Depending on the care planning for the children in their care, there might also be Long term linking meetings taking place or, if the plan for the children is to be moved on to their adoptive family, meetings with the Adoption Social Workers. I will regularly accompany foster carers to these meetings and support them in advocating on behalf of the children in their care. Foster carers are professionals in their own right. It is therefore important that they feel empowered and confident to share their knowledge of the children they look after and hence contribute to the care planning for the children’s future and actively shape the children’s educational achievement.

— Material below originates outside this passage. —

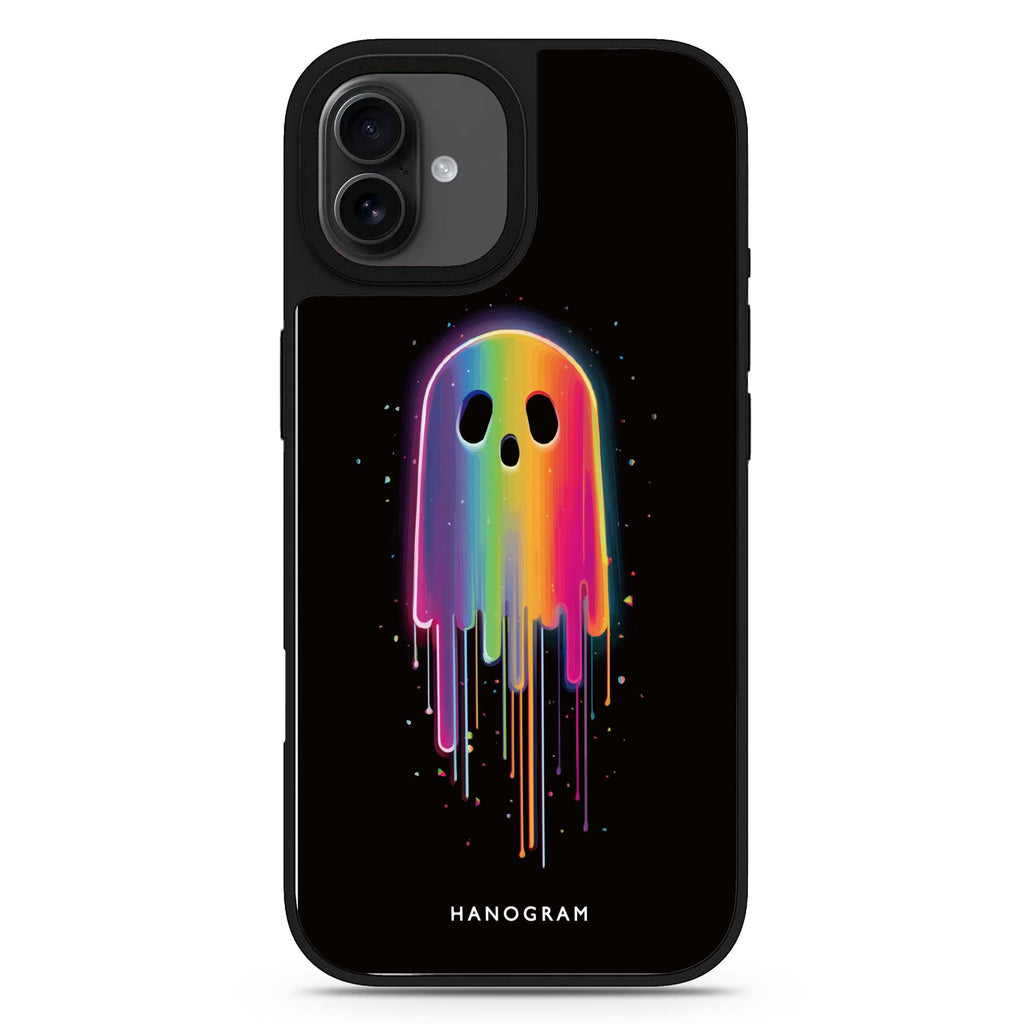 Slime Specter iPhone 17 鏡面手機殼 主圖設計
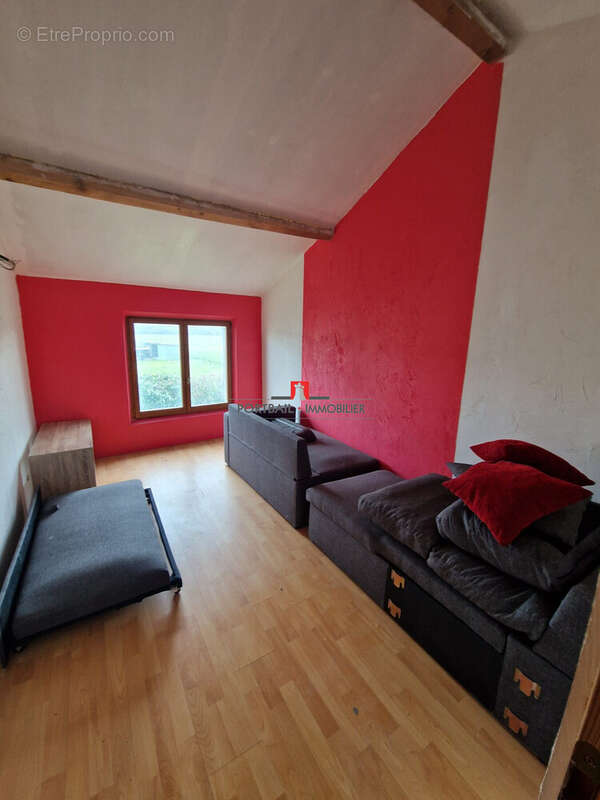 Maison à SAINT-AUBIN-DE-BLAYE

Paperwork is a necessary and an important part of the fostering role. I might be supporting foster carers with completing their daily logs until they feel confident and comfortable with their style and detail of their recording. We will also regularly review risk assessments and the foster family’s Safer Caring Plans to ensure that their practice is safe and everybody in the family is appropriately safeguarded.
Often, it is required that foster carers provide input into assessments such as sibling assessments and psychological assessments which inform court decisions and some foster carers like to have assistance with their input to ensure that the most comprehensive information is provided for the involved professionals.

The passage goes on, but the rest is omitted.